"Das Desaster ist wahr": So peinlich wird die 3. Staffel von"Jerks"

Berlin - Keine deutsche Serie hat so einen hohen Fremdschäm-Faktor, wie die Impro-Comedyserie "Jerks". Nun hat das Warten ein Ende. Seit Dienstag geht es auf "Joyn" mit der lang ersehnten dritten Staffel weiter.

Fahri Yardim und Christian Ulmen beim Start von Joyn im E-Werk.
Fahri Yardim und Christian Ulmen beim Start von Joyn im E-Werk.  © Annette Riedl/dpa

Regisseur und Hauptdarsteller Christian Ulmen kündigte bereits vorab an: "Die dritte Staffel wird endlich richtig peinlich, dunkel und gemein."

Das kann sein Buddy Fahri Yardim nur bestätigen. "Die Zuschauer können sich auf alles, was das Leben so an Abgründen zu bieten hat, freuen", erzählte der 38-Jährige TAG24 auf dem Launch-Event von Joyn im Berliner E-Werk.

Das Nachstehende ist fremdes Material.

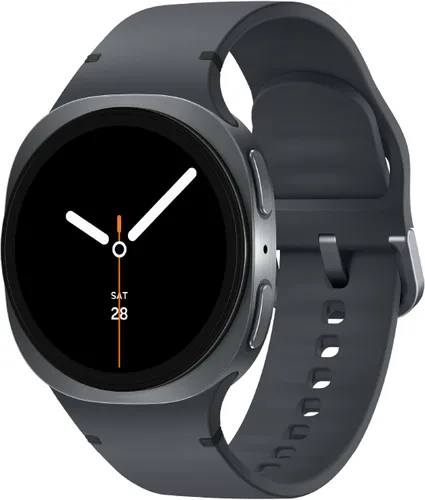 Miniatura 11 de Samsung Galaxy Watch 8 (2025) - Reloj inteligente LTE de 1.732 pulgadas, diseño de cojín, monitor de fitness, entrenamiento de sueño, entrenador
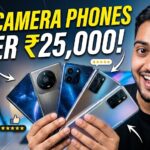 Best Camera Phone Under 25000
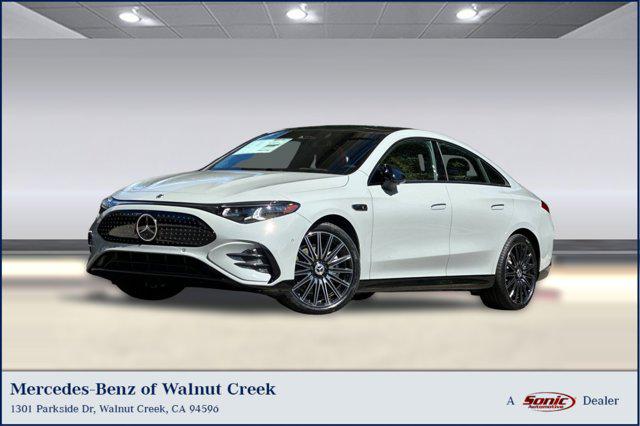 New 2026 Mercedes-Benz CLA 350 350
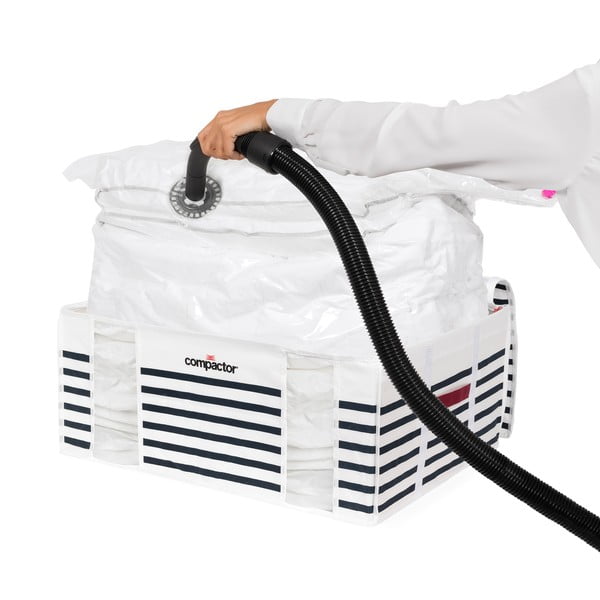 Marine vákuumos tárolódoboz, magasság 27 cm - Compactor-image-2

Nachdem die beiden "Jerks" in der Staffel zuvor aus Versehen Menschenfleisch gegessen haben, sich mit einem mutmaßlichen Kinderschänder angefreundet oder mit Minderjährigen geflirtet haben, treten sie auch nun wieder von einem Fettnäpfchen ins nächste.

"Ich wurde sexuell missbraucht und gehe dann in eine Selbsthilfegruppe. Die detaillierten Schilderungen meines Missbrauchs waren schon schmerzhaft - auch beim Dreh", verriet der Schauspieler mit einem Schmunzeln. "Dieser Deepthroat-Moment, dieses angekettet sein. Das alles nochmal zu durchleben, war ein heftiger Trauertag für mich."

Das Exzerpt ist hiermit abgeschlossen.